Aim of the exercise ->
What's needed is an exact copy of the lines from the one that contains "James Dyson on" to the end of the data below, leaving the pictures out.

Exercise input ->
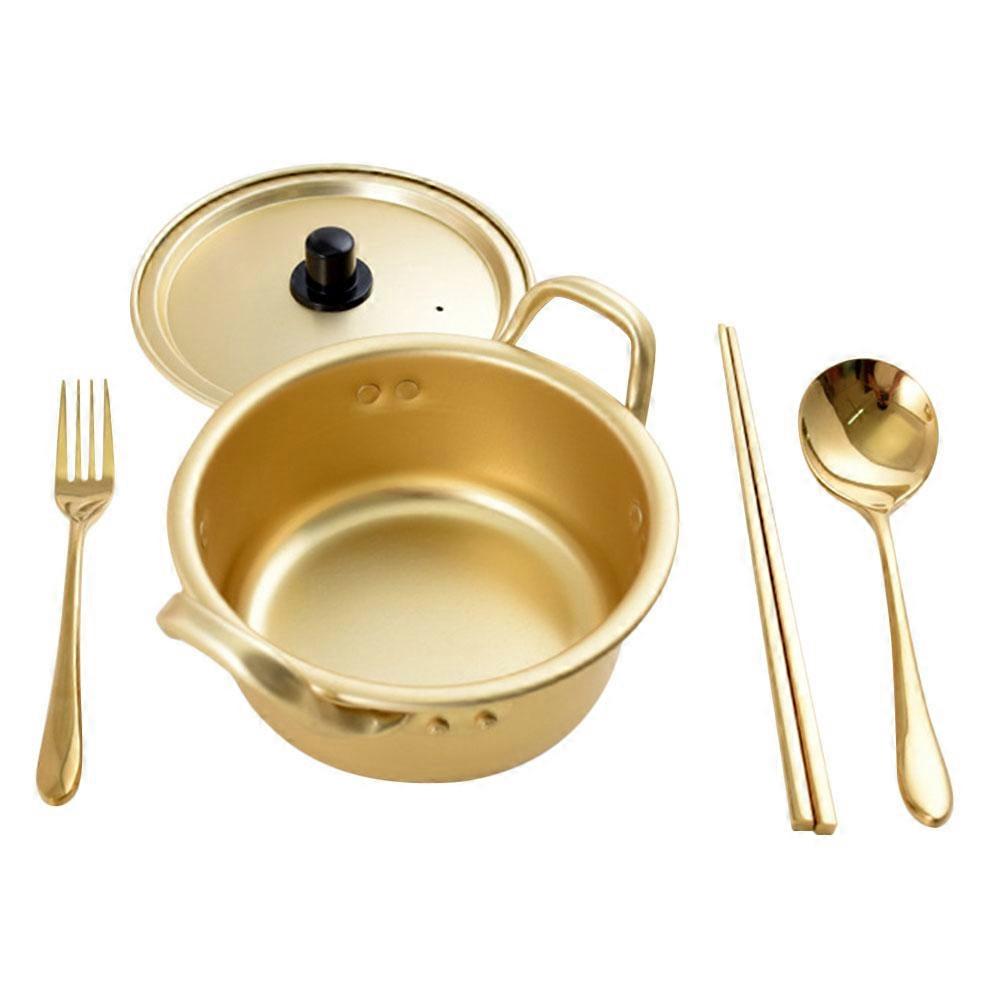 Multi-Function Korean Pot Ramen Cooking Pot for Home Use 2Sets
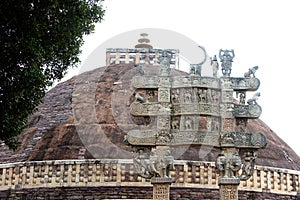 View of Stupa at Sanchi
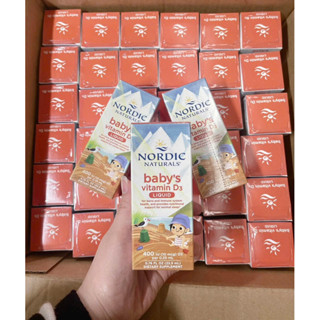  VITAMIN D3 NORDIC NATURALS 400 IU CHO BÉ TỪ SƠ SINH 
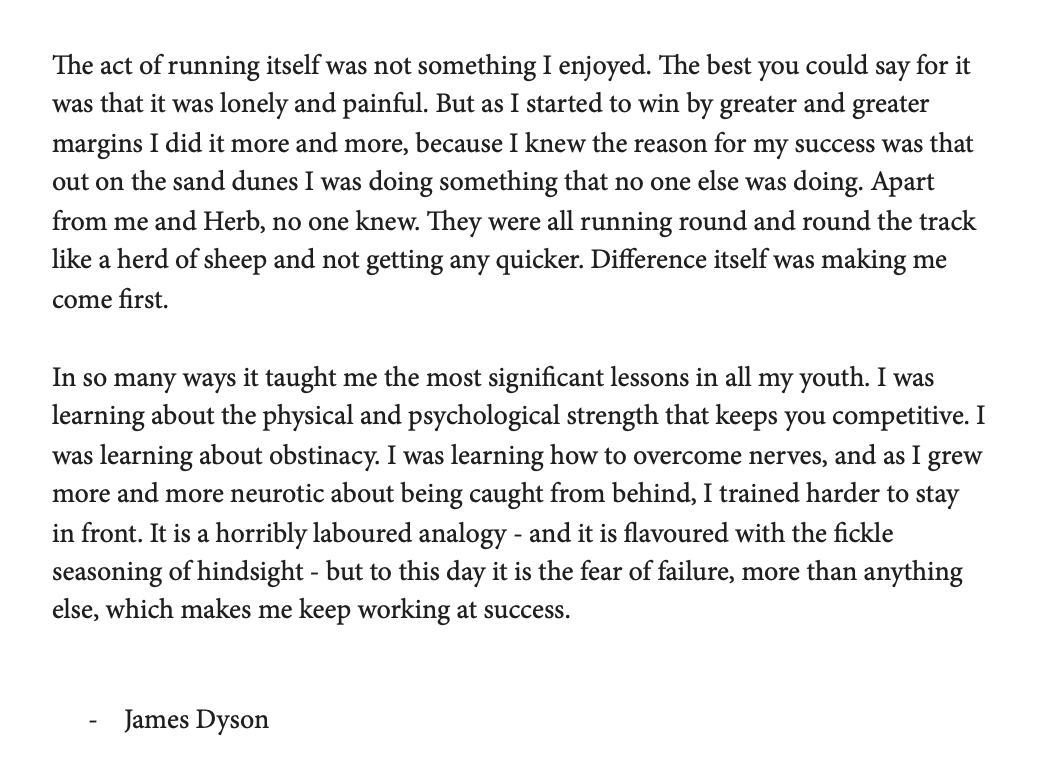 James Dyson on the most significant lessons of his youth:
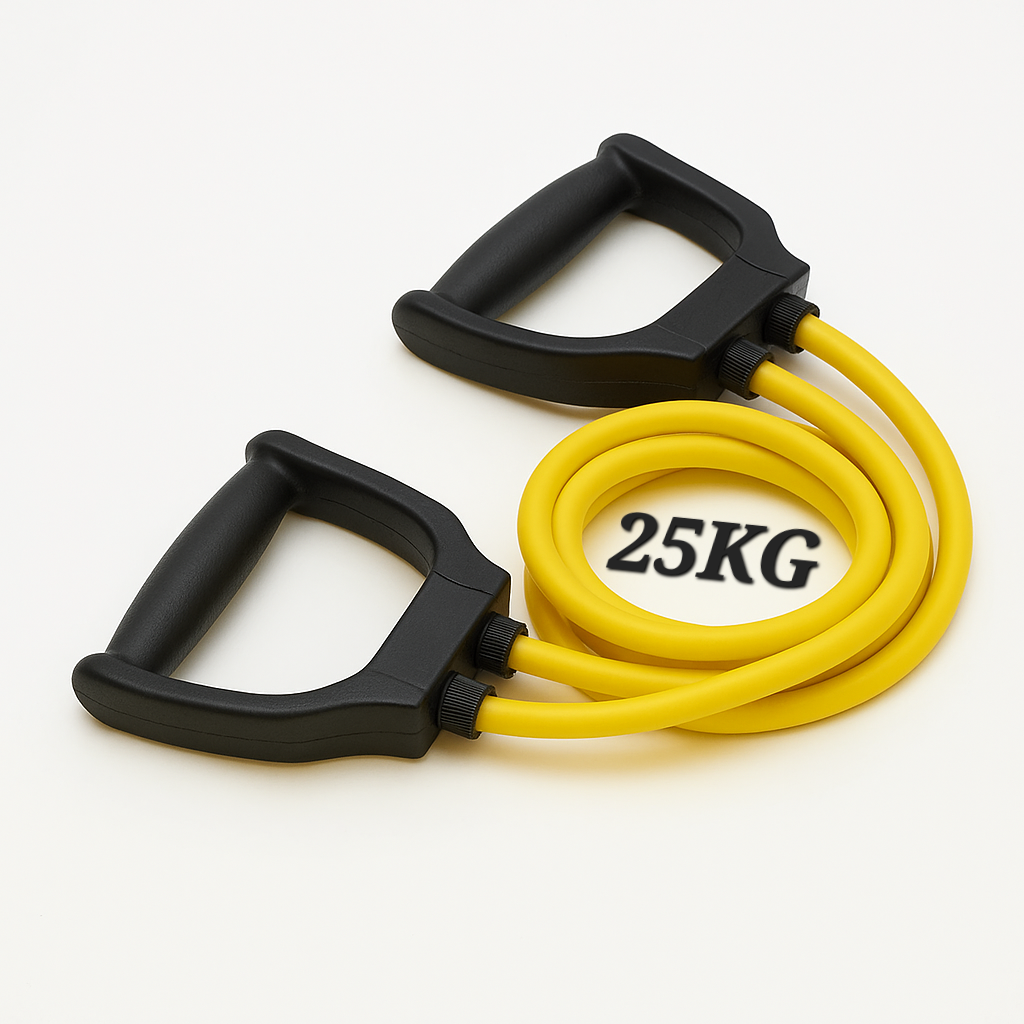 25kg Resistance Tube for Workout | Heavy Toning Tube for Home Gym | Exercise Band for Men & Women | Strength Training, Weight Loss, Full Body Fitness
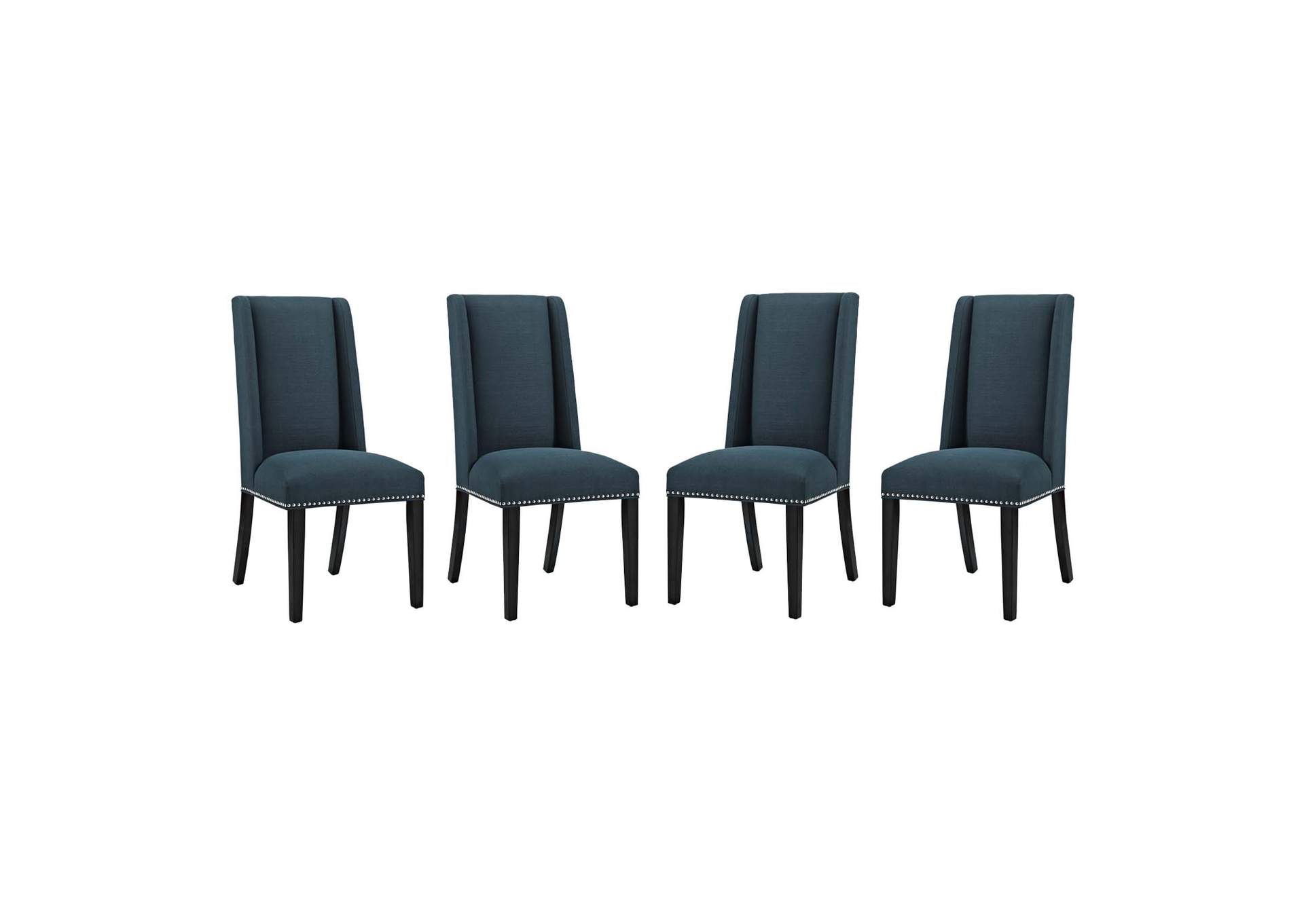 Azure Baron Dining Chair Fabric [Set of 4],Modway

Solution ->
 James Dyson on the most significant lessons of his youth:
 25kg Resistance Tube for Workout | Heavy Toning Tube for Home Gym | Exercise Band for Men & Women | Strength Training, Weight Loss, Full Body Fitness
 Azure Baron Dining Chair Fabric [Set of 4],Modway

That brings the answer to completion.